Hi!

I have just upgraded from Prometheus 2.3.2 to Prometheus 2.17.1 with no 
more changes than replacing the binaries and scraping of our Kubernetes 
clusters started to fail. We host the Prometheus server in a dedicated 
machine in EC2 and access the K8s API via internal network. This had been 
working fine for several months until this upgrade.

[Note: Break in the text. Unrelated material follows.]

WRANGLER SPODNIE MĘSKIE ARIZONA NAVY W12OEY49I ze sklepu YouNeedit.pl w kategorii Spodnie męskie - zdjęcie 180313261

These errors started appearing in the logs:

level=error ts=2020-04-15T08:35:09.842Z caller=klog.go:94 
component=k8s_client_runtime func=ErrorDepth 
msg="/app/discovery/kubernetes/kubernetes.go:407: Failed to list 
*v1.Service: Get 
http://internal-api-develop-k8s-local-meks2l-1292322695.us-east-1.elb.amazonaws.com/api/v1/services?limit=500&resourceVersion=0:
 
dial tcp 172.16.67.74:80: connect: connection timed out" 
level=error ts=2020-04-15T08:35:09.842Z caller=klog.go:94 
component=k8s_client_runtime func=ErrorDepth 
msg="/app/discovery/kubernetes/kubernetes.go:362: Failed to list 
*v1.Service: Get 
http://internal-api-develop-k8s-local-meks2l-1292322695.us-east-1.elb.amazonaws.com/api/v1/services?limit=500&resourceVersion=0:
 
dial tcp 172.16.67.74:80: connect: connection timed out" 
level=error ts=2020-04-15T08:35:09.842Z caller=klog.go:94 
component=k8s_client_runtime func=ErrorDepth 
msg="/app/discovery/kubernetes/kubernetes.go:385: Failed to list *v1.Pod: 
Get 
http://internal-api-develop-k8s-local-meks2l-1292322695.us-east-1.elb.amazonaws.com/api/v1/pods?limit=500&resourceVersion=0:
 
dial tcp 172.16.67.74:80: connect: connection timed out" 
level=error ts=2020-04-15T08:35:09.842Z caller=klog.go:94 
component=k8s_client_runtime func=ErrorDepth 
msg="/app/discovery/kubernetes/kubernetes.go:361: Failed to list 
*v1.Endpoints: Get 
http://internal-api-develop-k8s-local-meks2l-1292322695.us-east-1.elb.amazonaws.com/api/v1/endpoints?limit=500&resourceVersion=0:
 
dial tcp 172.16.67.74:80: connect: connection timed out" 
level=error ts=2020-04-15T08:35:09.842Z caller=klog.go:94 
component=k8s_client_runtime func=ErrorDepth 
msg="/app/discovery/kubernetes/kubernetes.go:363: Failed to list *v1.Pod: 
Get 
http://internal-api-develop-k8s-local-meks2l-1292322695.us-east-1.elb.amazonaws.com/api/v1/pods?limit=500&resourceVersion=0:
 
dial tcp 172.16.67.74:80: connect: connection timed out" 
level=error ts=2020-04-15T08:35:09.846Z caller=klog.go:94 
component=k8s_client_runtime func=ErrorDepth 
msg="/app/discovery/kubernetes/kubernetes.go:449: Failed to list *v1.Node: 
Get 
http://internal-api-develop-k8s-local-meks2l-1292322695.us-east-1.elb.amazonaws.com/api/v1/nodes?limit=500&resourceVersion=0:
 
dial tcp 172.16.67.74:80: connect: connection timed out" 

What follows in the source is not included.